Piłem, bo mnie nie obsadzano, a nie obsadzano mnie, bo piłem
Wszechstronnie utalentowany aktor Marian Opania to wulkan niespożytej energii. "Najpierw zrobię przedstawienie muzyczne, Czechowa w Ateneum, potem nagram płytę na podstawie moich wierszy. Mam co robić" - przekonuje artysta.
Od niedawna można kupić płytę z pana piosenkami zatytułowaną "Fascynacja". Proszę o niej opowiedzieć.
Marian Opania: - Z wydawcą tej płyty znamy się od lat, moje piosenki już wcześniej gościły na płytach, m.in. z repertuarem Jacquesa Brela, Włodzimierza Wysockiego, Paulo Conte. Gdy kilka miesięcy temu zaproponował mi wydanie płyty z moimi piosenkami, chętnie się zgodziłem. Dobrze to wyszło. Może nie wszystkie utwory bym dziś zaakceptował w niezmienionej formie. "Amsterdam" Brela zaśpiewałem chyba zbyt patetycznie.
Estrada to dla pana ważne miejsce?
- Bardzo ważne, bo satysfakcja ze śpiewania jest olbrzymia. Kiedyś śpiewanie mnie w ogóle uratowało. Pod koniec lat 70. miałem 2,5 roku (a były to dla mnie wieki) przerwy. Zmieniły się wtedy moje warunki fizyczne: przytyłem, posiwiałem. Gęba młoda, a postura starszego pana. Spadłem do niższej ligi.
Nie dostawał pan ról?
- Grywałem w teatrze, ale najciekawsze role dostawali inni. To był przykry okres. Zacząłem zaglądać głębiej do kieliszka, a nawet bardzo głęboko. To było piekło. Piłem alkohol, bo mnie nie obsadzano, a nie obsadzano mnie, bo piłem. Błędne koło. Ledwo się z tego wygrzebałem. Było mi ciężko i wtedy do nagrania płyty zaprosił mnie Marek Grechuta. Marek zobaczył, że wrażliwość i śpiewanie to mój świat. Śpiewałem z Grechutą teksty znakomitego poety Tadeusza Nowaka.
Śpiewa pan od zawsze?
- Od czasów szkoły teatralnej, ale wcześniej śpiewanie też nie było mi obce. W szkole byłem nazywany nawet polskim Paulem Anką, Presleyem, Sedaką.
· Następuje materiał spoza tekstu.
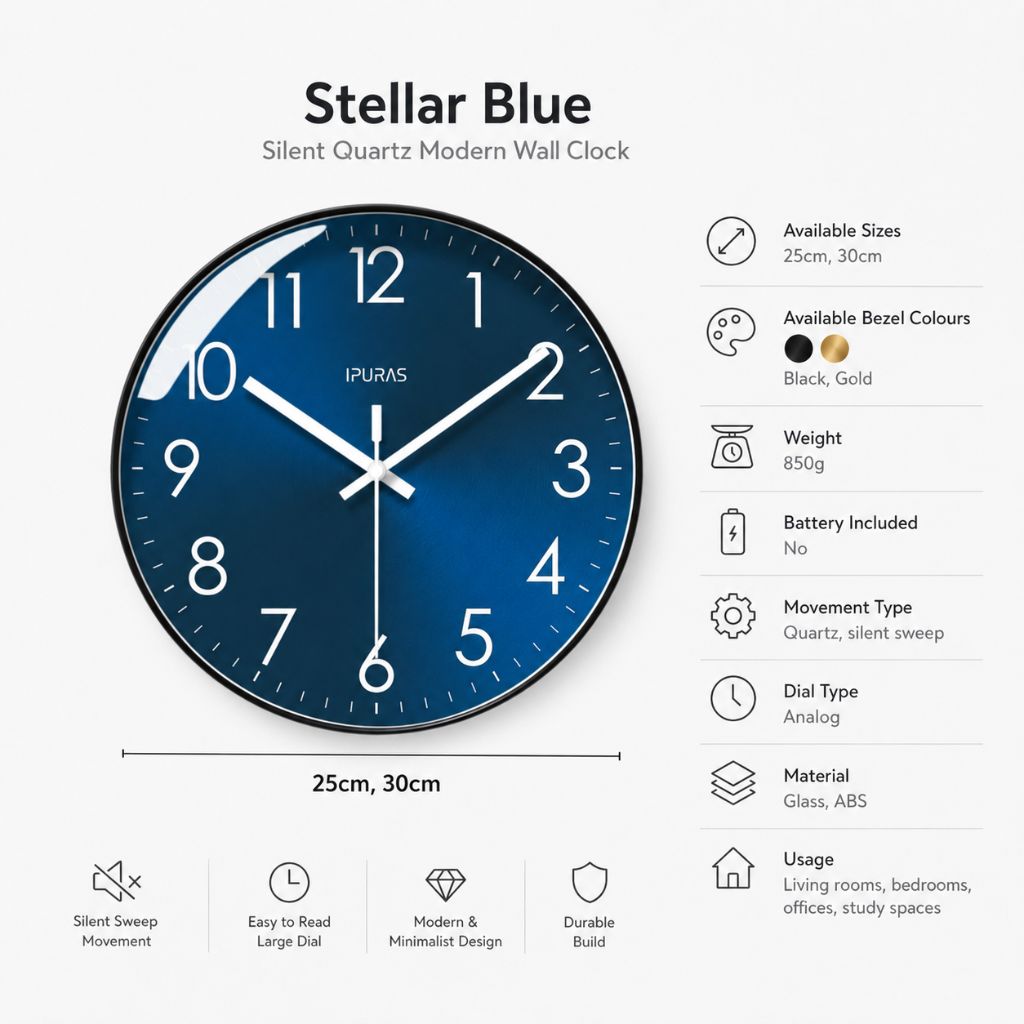 Stellar Blue Silent Quartz Modern Wall Clock - Tegulane Global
Zdarza się śpiewać panu w domu?
- Tylko wtedy, gdy uczę się jakiejś piosenki, ale nie przy goleniu. Gdyby pan zapytał Wojtka Malajkata, który doskonale śpiewa, albo Piotra Fronczewskiego - który śpiewa genialnie, to dowie się pan, że oni nie chcą śpiewać. Śpiewanie to potworny, niewyobrażalny stres. Ludzie myślą, żadna filozofia - wyjdzie, zaśpiewa. Jest inaczej - gdy rzecz dzieje się np. w telewizji, i ogląda nas kilka milionów ludzi, a piosenkę zna się zaledwie dwa tygodnie, to strach przed kompromitacją paraliżuje.
Pana ulubiona piosenka?
- W tej chwili to utwór Jaromira Nohavicy "Zabłądziła moja łódź". Jestem zafascynowany jego piosenkami, ale ma konkurencję. Jakiś czas temu widziałem koncert Leonarda Cohena z Sydney. Anthony Hagerthy zaśpiewał tam tak zjawiskowo... i Rufus (Wainwright - przyp. red.) z jego Hallelujah. Wszedł na scenę dziwnie ubrany facet i drżącym głosem, krzywiąc się niemiłosiernie, zrobił to tak muzykalnie, tak zjawiskowo. Śpiewali tam też inni: m.in. Bono, Nick Cave. Zobaczyłem, że oni śpiewają inaczej niż Cohen: "Jezus Maria! Muszę zrobić Cohena!" - pomyślałem i powoli moje marzenia się spełniają. Wymyśliłem sobie zrobienie przedstawienia muzycznego. Będzie złożone z dwóch części - pierwsza cześć to utwory z repertuaru Leonarda Cohena, a druga Jaromira Nohavicy. Szukam na ten pomysł pieniędzy. Pochodzę z Puław i władze tego miasta pomogą mi w części sfinansować to wydarzenie.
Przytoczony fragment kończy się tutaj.